Exile uproots one from home, from the familiar, from security, and plonks one into a place where everything must be done from scratch.  Everything is a decision, rather than falling into the groove of habit.  How do I spend my time?  Where can I find a job?  How can I get around? Where am I going to sleep tonight?  Where can I get more money after my last $150 is finished?  Do I pick myself up and go to church where nobody knows me?  Who will be my friend after those I knew before have believed another’s story and never bothered to ask me if it was true?  What’s left after my expansive and meaningful life of Christian ministry spread across three continents is reduced to a 10x12 upstairs room in somebody else’s house, where I sleep in somebody else’s bed and use somebody else’s sheets and blankets (and am grateful to have even that)?  I look back on what used to be and wonder, ‘What was that all about?’  As I clean toilets at my minimum wage job, the words of the preacher in Ecclesiastes dub over the YouTube video of my life, ‘Meaningless, Meaningless, Everything is meaningless.’  Exile is a tough place to be.

I take comfort in the fact that God did not forsake his people in exile, that he sent his prophets even to them, made his promises even to them, promised to take even them by the hand and lead them back home.

In the meantime, I work on those things in me I can change and am choosing not to spend any more energy on those things, circumstances and people I can’t change.  After spending decades trying to change things and people and experiencing nothing but dysfunctional failure, there is great freedom in giving up and surrendering these people and circumstances to God.  I also work on identifying those resentments that, over the years, have been the engine driving some of my worst behaviors.  And there are pages of them.  Identifying them, owning them, surrendering them, and praying for the ones I resented – there is great healing here.  And I feel a tremendous relief that I don’t have to get on that treadmill anymore, one that never goes anywhere and just wears me out. 

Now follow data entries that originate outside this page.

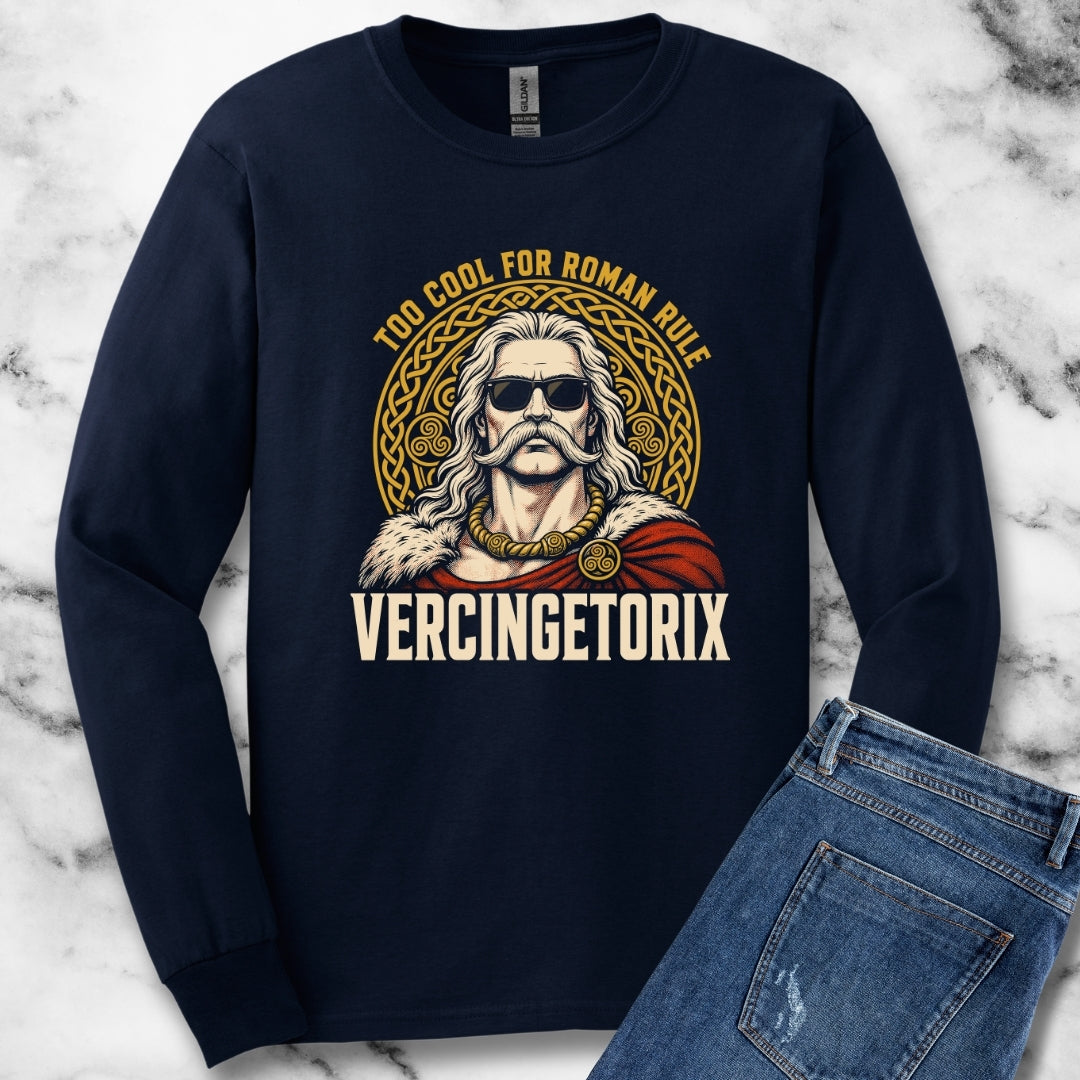 Vercingetorix Too Cool for Roman Rule Unisex Long Sleeve Tee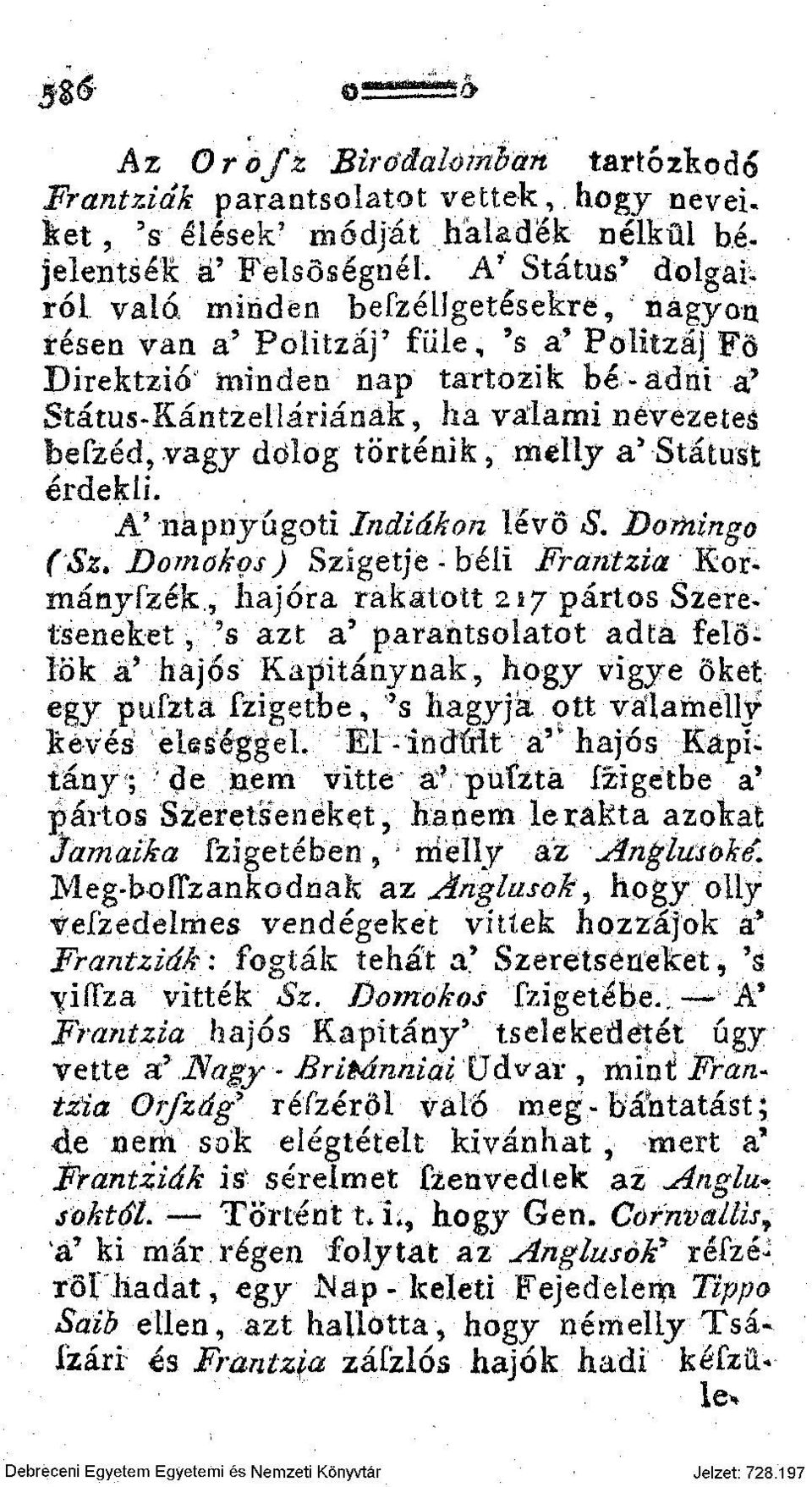 beszéd, vagy dolog történik, meliy a* Státust érdekli. A' napnyúgoti Indiákon lévő $. Domingo (&z> Domokos ) Szigetje - béli Frantzia Kormányfzék.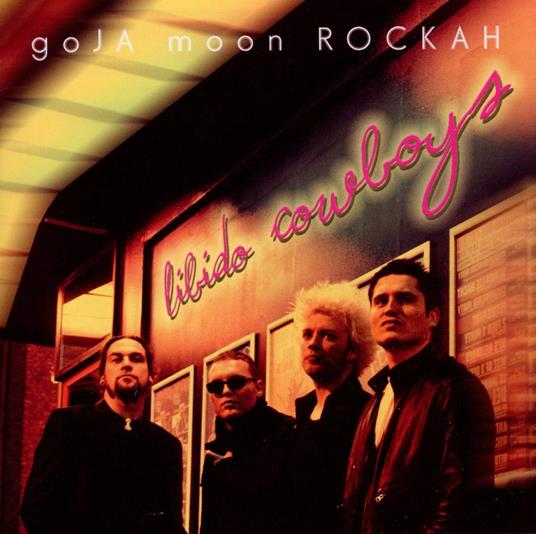 Libido Cowboys - CD Audio di Goja Moon Rockah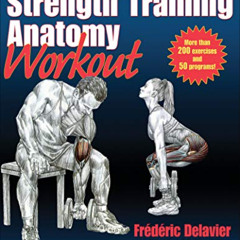 [FREE] KINDLE 📝 The Strength Training Anatomy Workout: Starting Strength with Bodywe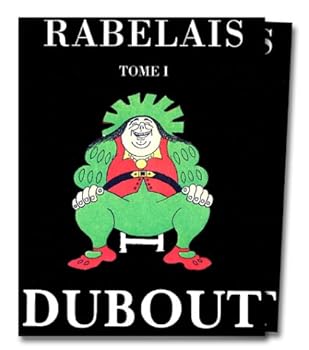 Hardcover Gargantua, tome 1 et Pantagruel, tome 2 Book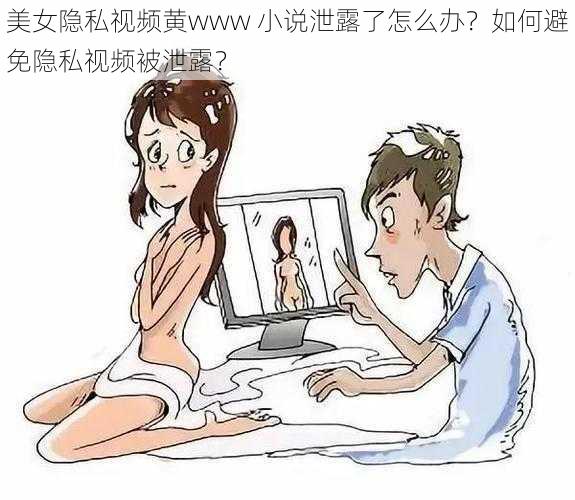 美女隐私视频黄www 小说泄露了怎么办？如何避免隐私视频被泄露？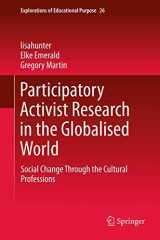 9789400744257-9400744250-Participatory Activist Research in the Globalised World: Social Change Through the Cultural Professions (Explorations of Educational Purpose, 26)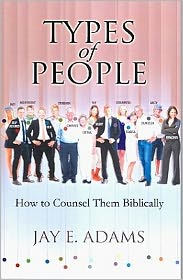 Types of People: How to Counsel Them Biblically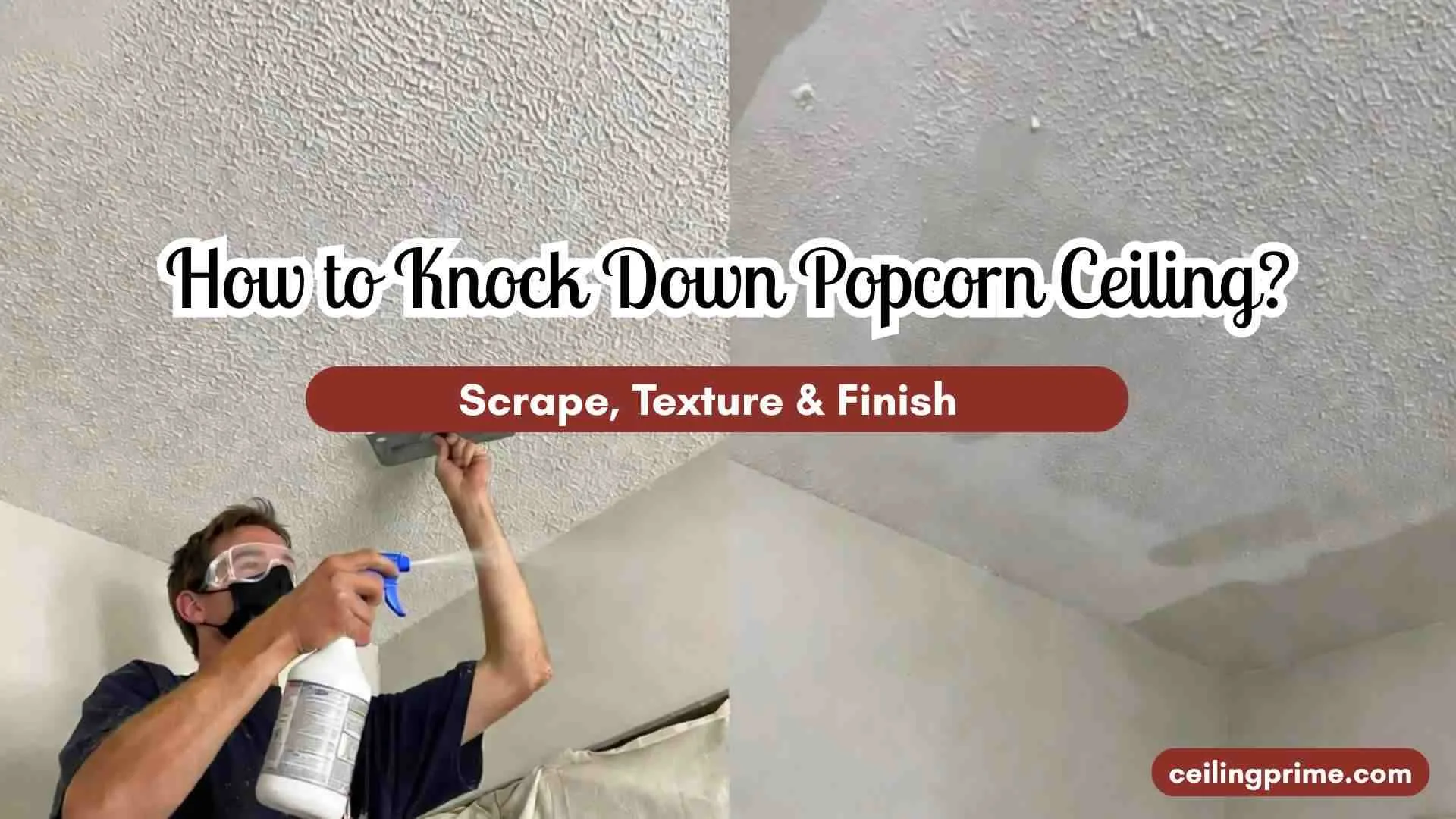 How to Knock Down Popcorn Ceiling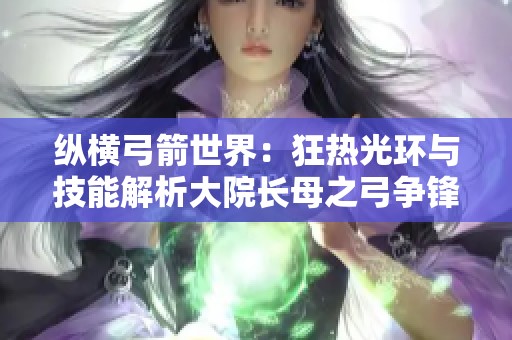 纵横弓箭世界：狂热光环与技能解析大院长母之弓争锋对决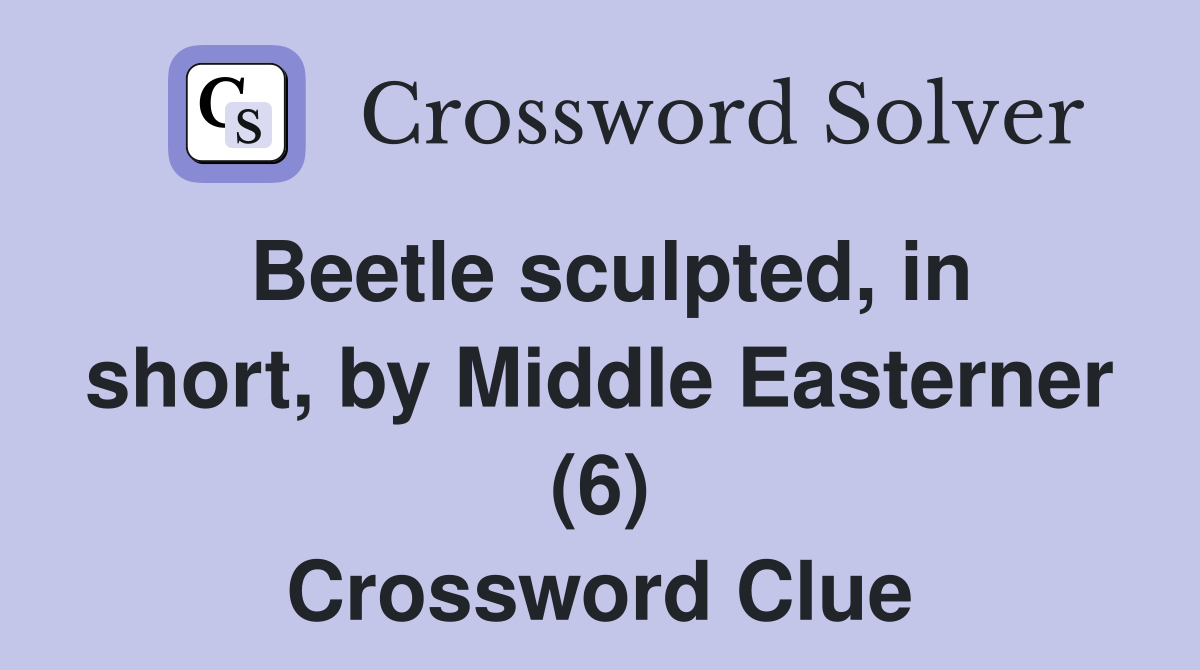 Beetle sculpted, in short, by Middle Easterner (6) Crossword Clue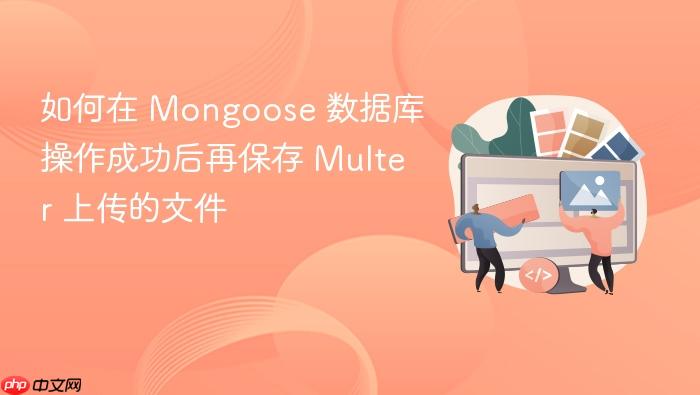 如何在 Mongoose 数据库操作成功后再保存 Multer 上传的文件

Lastly, my readers will know that I am no fan of trite Christian clichés or the tawdry junk peddled in so-called Christian bookstores.  So it strikes me as ironic that I’ve been addressed by just such a phrase emblazoned on a coffee mug from just such a store.  ‘Bloom where you are planted’, the phrase jingles in bold typeface on a flower-bestrewn mug.  I refused on principle to engage with this mug for the first five months of my exile.  Then I realized that there was actually something in this cliché for me.  It is, essentially, what God said to his exiles in Babylon.  And it is what God is saying to me, his exile, in ends-of-the-earth Crozet:  Bloom where you are planted.  So I’m praying for the peace and prosperity of where I have been planted.  The man whose generosity has given me a little room upstairs, the local YMCA who have taken me on to answer their phones and wipe down their cardio equipment, the country roads where I run my miles and clear my head, the little church where I chant the liturgy and break my fast each week with a new circle of friends.  


 I am learning that there are advantages to being a nobody.  I can work hard on my stuff and not have to worry about keeping up appearances.  I can face the truth about me without having to defend the ‘me’ that I felt I had to be.  And that means I can experience grace and forgiveness.  And extend grace and forgiveness to others.  So I will keep trying to make myself useful, in this time and this place of obscurity, of exile. Because what may seem obscure to me is actually center stage of the universe. For where God is one also finds meaning.  And hope.  And the next step.